ComPair's goal is to test new technologies for studying gamma rays, the highest-energy form of light. It was assembled and tested at NASA's Goddard Space Flight Center in Greenbelt, Maryland.
"The gamma-ray energy range we're targeting with ComPair isn't well covered by current observatories," said Carolyn Kierans, the instrument's principal investigator at Goddard. "We hope that after a successful balloon test flight, future versions of the technologies will be used in space-based missions."
ComPair is designed to detect gamma rays with energies between 200,000 and 20 million electron volts. (For comparison, the energy of visible light is 2 to 3 electron volts.) Supernovae and gamma-ray bursts, the most powerful explosions in the cosmos, glow brightest in this range, as do the most massive and distant active galaxies, which are powered by supermassive black holes. Scientists know this because they see a fraction of the light emitted by these galaxies with NASA's Fermi Gamma-ray Space Telescope, which observes higher-energy gamma rays.
ComPair gets its name from the two ways it detects and measures gamma rays: Compton scattering and pair production. Compton scattering occurs when light hits a particle, such as an electron, and transfers some energy to it. Pair production happens when a gamma ray grazes the nucleus of an atom. The interaction converts the gamma ray into a pair of particles—an electron and its antimatter counterpart, a positron.
The ComPair instrument has four major components:
- A tracker containing 10 layers of silicon detectors that determines the positions of incoming gamma rays
- A high-resolution calorimeter that precisely measures lower-energy Compton-scattered gamma rays
- Another calorimeter that measures the higher-energies of electron-positron pairs
- An anticoincidence detector that notes the entry of high-energy charged particles called cosmic rays, allowing ComPair's other instruments to ignore them
The mission team assembled all the components and tested them in a large thermal vacuum chamber at Goddard to assess how they'll function at balloon altitudes. The next step is to fly the instrument. The flight will carry ComPair to a height of about 133,000 feet (40,000 meters), or nearly four times the cruising altitude of a commercial airliner.

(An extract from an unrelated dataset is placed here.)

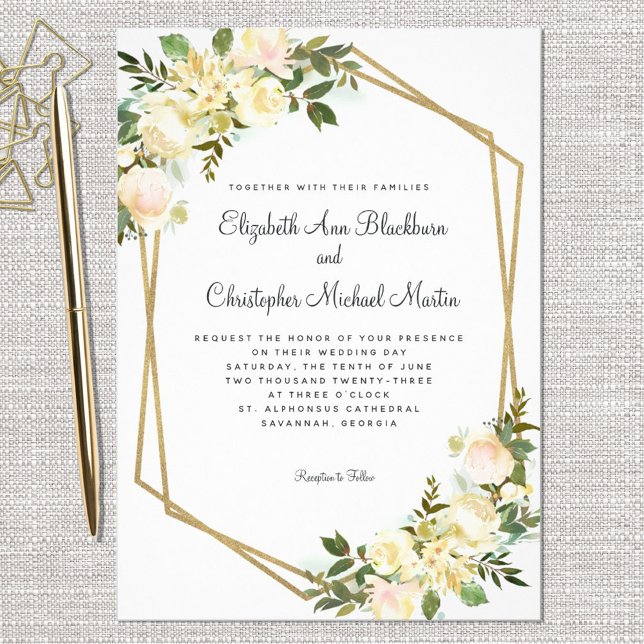 Invitation Elégant floral botanique aquarelle chic Mariage (Créateur téléchargé)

ComPair will piggyback with one of the primary balloon payloads that will fly during NASA's annual Fort Sumner balloon campaign. NASA's scientific balloons offer frequent, low-cost access to near-space to conduct scientific investigations and technology maturation in fields such as astrophysics, heliophysics, and atmospheric research, as well as training for the next generation of leaders in engineering and science.
ComPair is a collaboration among Goddard, the Naval Research Laboratory in Washington, Brookhaven National Laboratory in Upton, New York, and Los Alamos National Laboratory in New Mexico.